Our campaign reminded people that while Peter and Yvette Bardole and their boys live in Jefferson, Peter’s heritage, career and economic interests are on the farm in Rippey. And we’ve pointed out that if he would be elected over Richardson – and if the other supervisor races go the way we think they will today – that there would be four supervisors whose economic stakes would all be in the southeast quarter of the county, and one whose home and business are in Scranton. The county seat town of Jefferson would be woefully under-represented.
Again, no knock on Peter Bardole for waging a stiff challenge to our Guy Richardson. He kept saying he had new ideas for Greene County, and we were surprised – and glad – that he never really detailed them.
But he sure made Richardson a better candidate, and we flooded media and social media with Richardson ideas – ones that he’s helped make happen and new ones he wants to pursue. Bardole also woke up a bunch of us who are friends and supporters of Richardson, making us realize that much is on the line in this race, especially for those who are advocates for more growth and development here.
Being a county supervisor is a very challenging part-time job, probably moreso than the public realizes. A new supervisor will spend most of a first term learning the ropes. We think Greene County is better served by sticking with Richardson’s experience, vision, leadership abilities and connections for four more years. Then I’d like to see Bardole run again – maybe for county supervisor, maybe for the state legislature.
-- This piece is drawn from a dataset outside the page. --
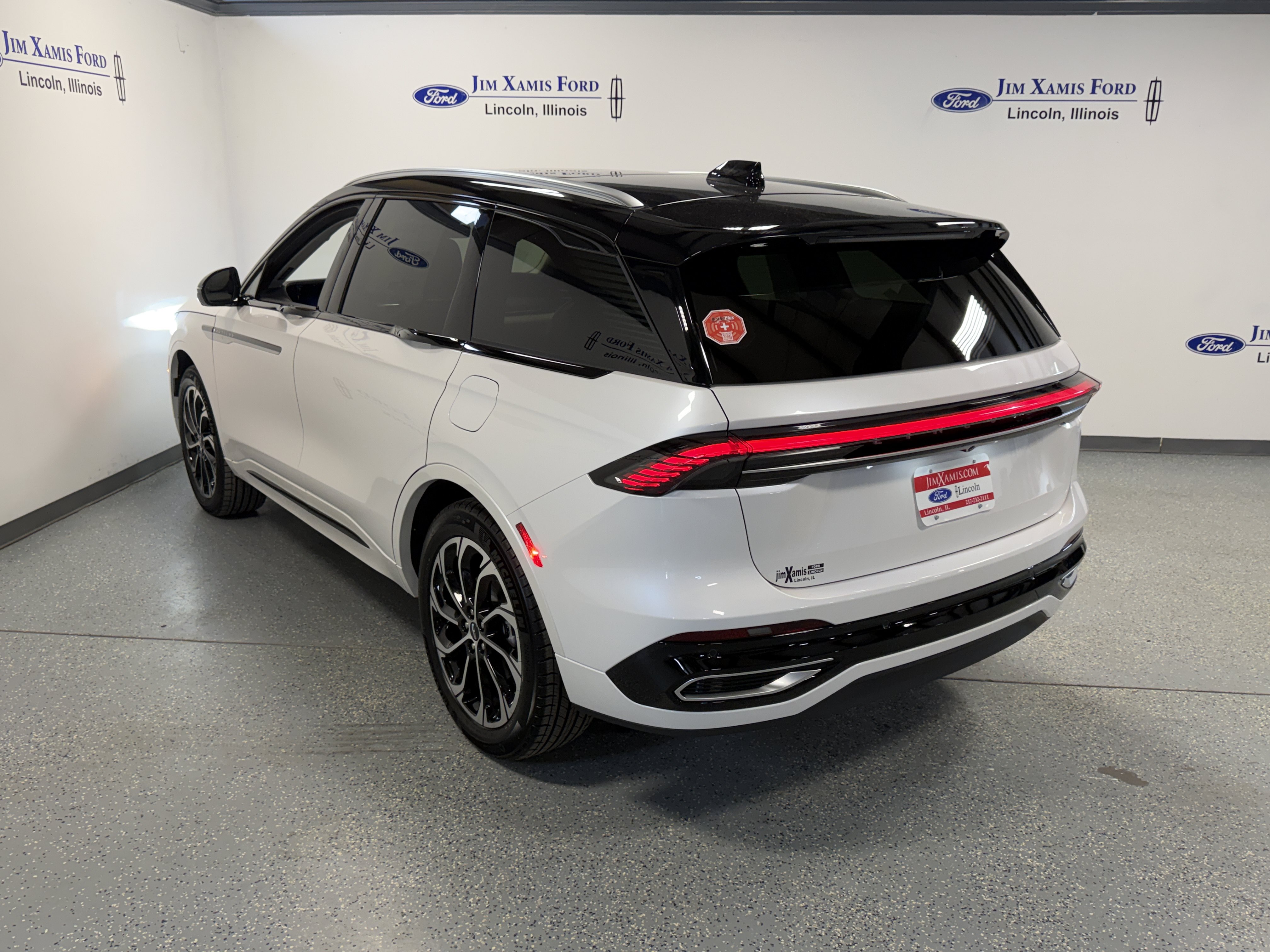 New 2026 Lincoln Nautilus Reserve AWD/4WD image 33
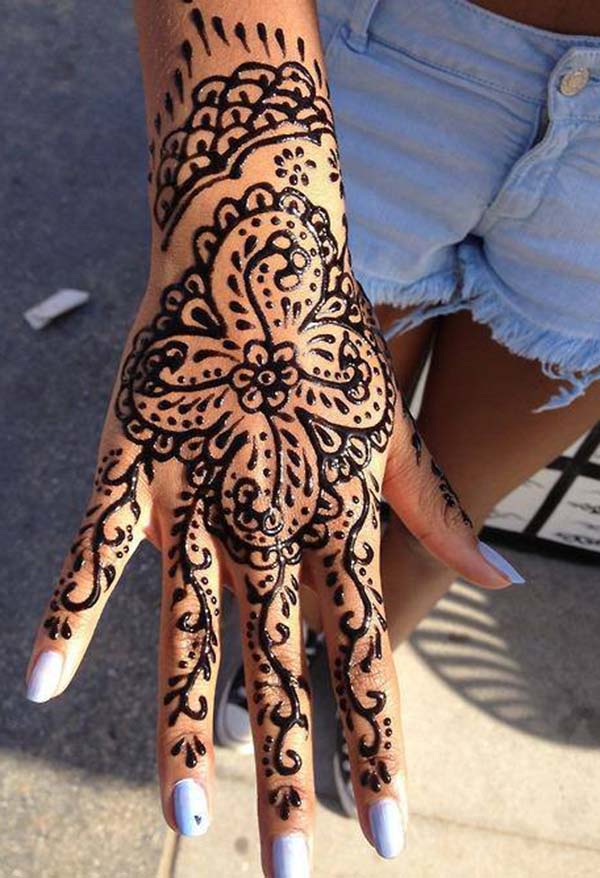 Simple mehndi design for back hand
Now, let’s pull together and grow Greene County.

POST-ELECTION UPDATE, Nov. 9, 2016
So, what do I know, anyway?
In the general election on Tuesday, challenger Peter Bardole beat incumbent Guy Richardson 2,654 to 1,719. It was a convincing victory for Bardole, who won all seven voting precincts. He’ll take a seat with the Board of Supervisors in early January, and Richardson will leave after 16 years of distinguished service to the county.
I wish Bardole and county government the best.